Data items
'''

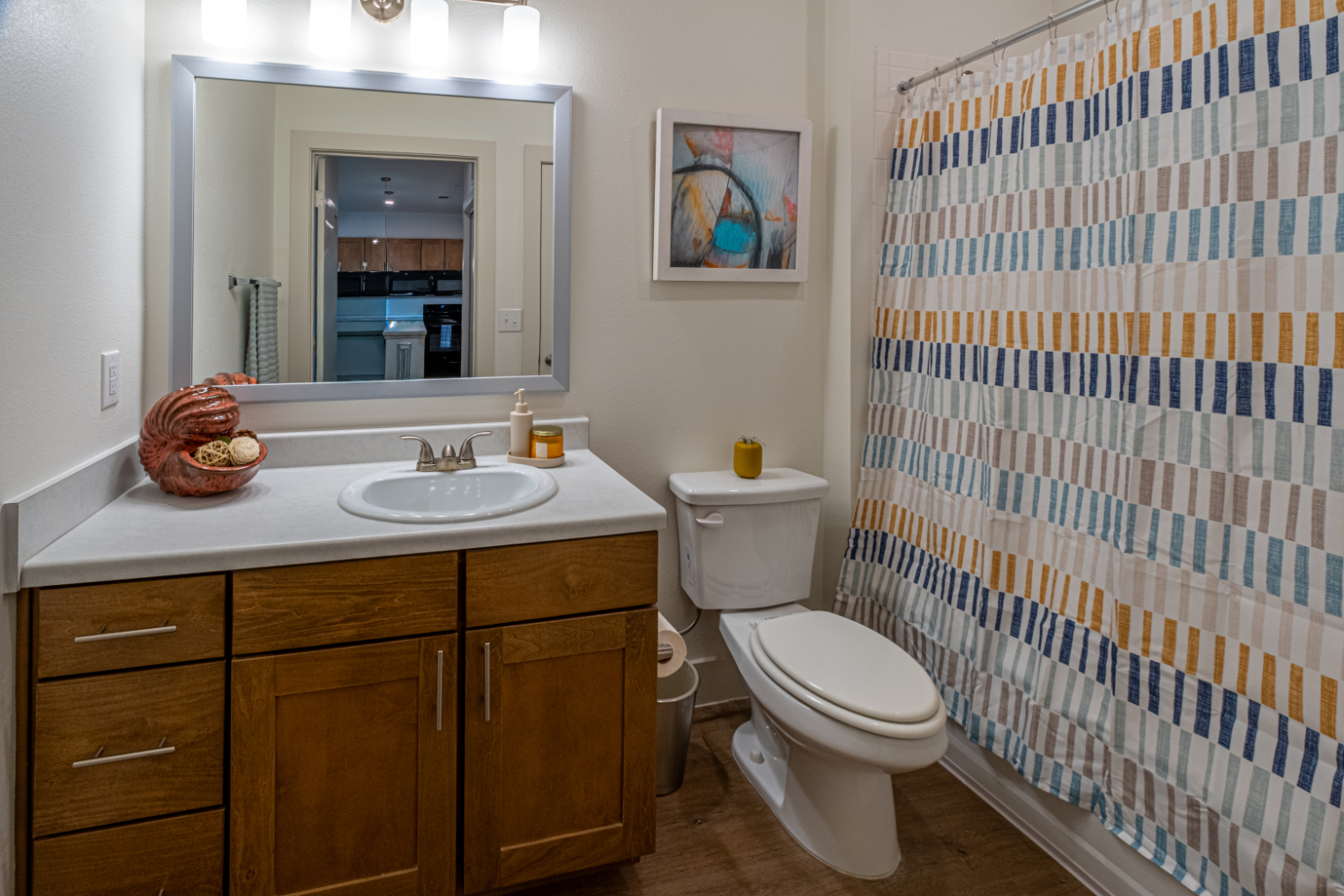 Bathroom with vanity with brown cabinets, mirror and shower tub combo with curtain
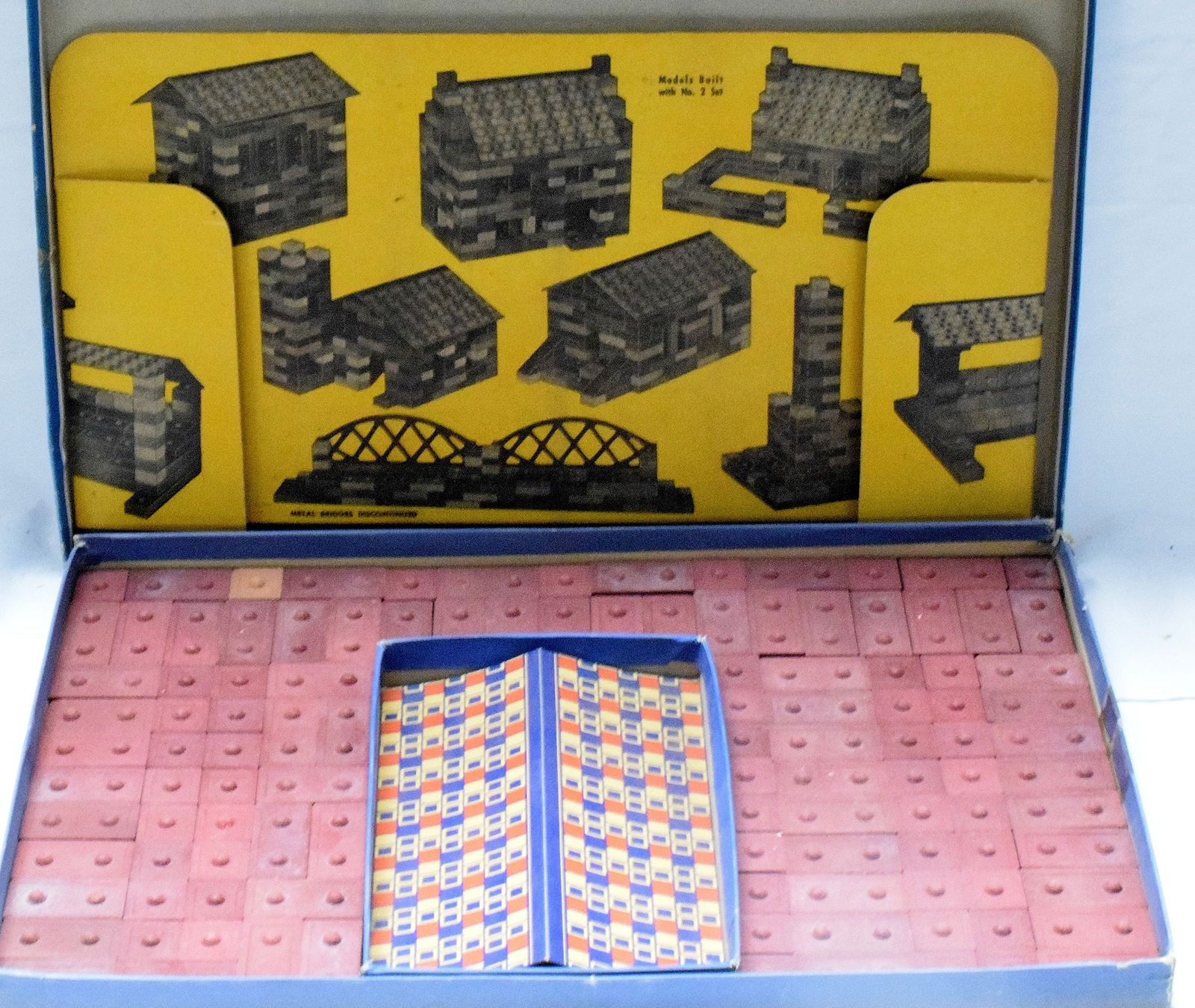 ERECTOR BRICK SET #1: Complete brick erector set #1, made by A.C Gilbert Company, in 1944. Silver colored cardboard box. Good condition. L: 15 1/2in, W: 10 1/2in, H: 1 1/2in, Weight: 3 lbs.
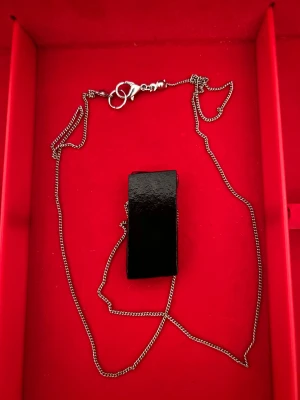 Halsband med blåmönstrad glasberlock - Unikt halsband med en rektangulär glasberlock i svart och blått med ett coolt geometriskt mönster. Kedjan är silverfärgad och har ett smidigt lås. Perfekt för dig som gillar att sticka ut med färg och form.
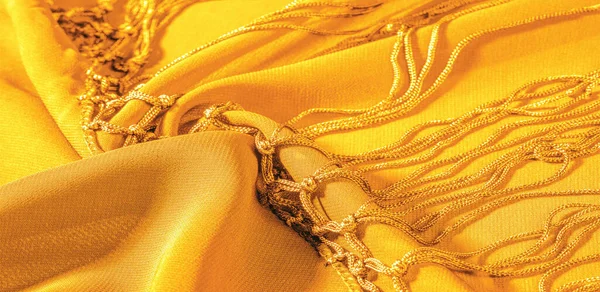 Background texture of silk fabric. This is a natural yellow scarf, this beautiful nylon satin made of rayon with a transparent hand and a wonderful sheen is perfect for your projects.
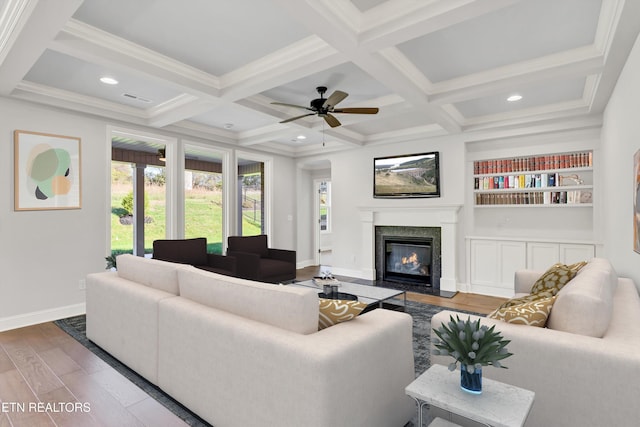 living room with hardwood / wood-style flooring, coffered ceiling, a fireplace, and beam ceiling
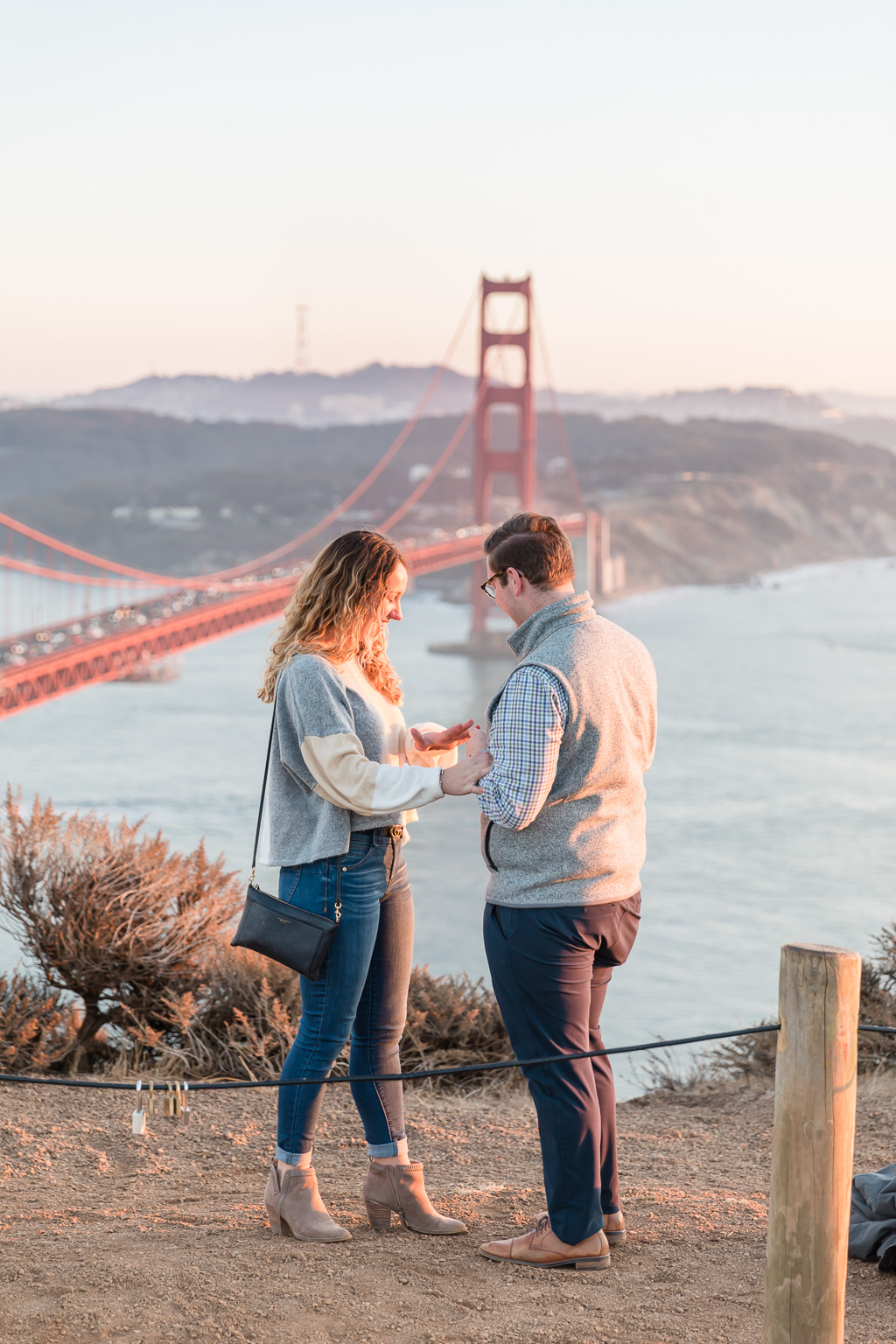 putting on engagement ring at the Golden Gate Bridge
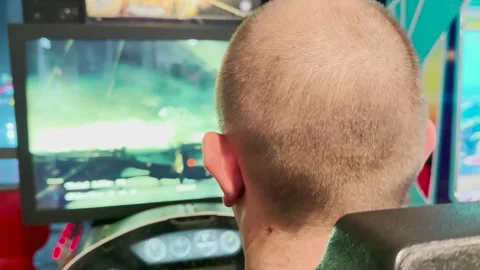 Man playing a flight simulator, immersive gaming experience, pilot simulation Stock Footage 307773042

'''

TASK REQUIREMENTS ▸ Every line from the one that holds "Background texture of" to the last line of the records above goes into the answer, exactly as written; nothing else does, and no picture does either.

SOLUTION TO THE PROBLEM ▸
 Background texture of silk fabric. This is a natural yellow scarf, this beautiful nylon satin made of rayon with a transparent hand and a wonderful sheen is perfect for your projects.
 living room with hardwood / wood-style flooring, coffered ceiling, a fireplace, and beam ceiling
 putting on engagement ring at the Golden Gate Bridge
 Man playing a flight simulator, immersive gaming experience, pilot simulation Stock Footage 307773042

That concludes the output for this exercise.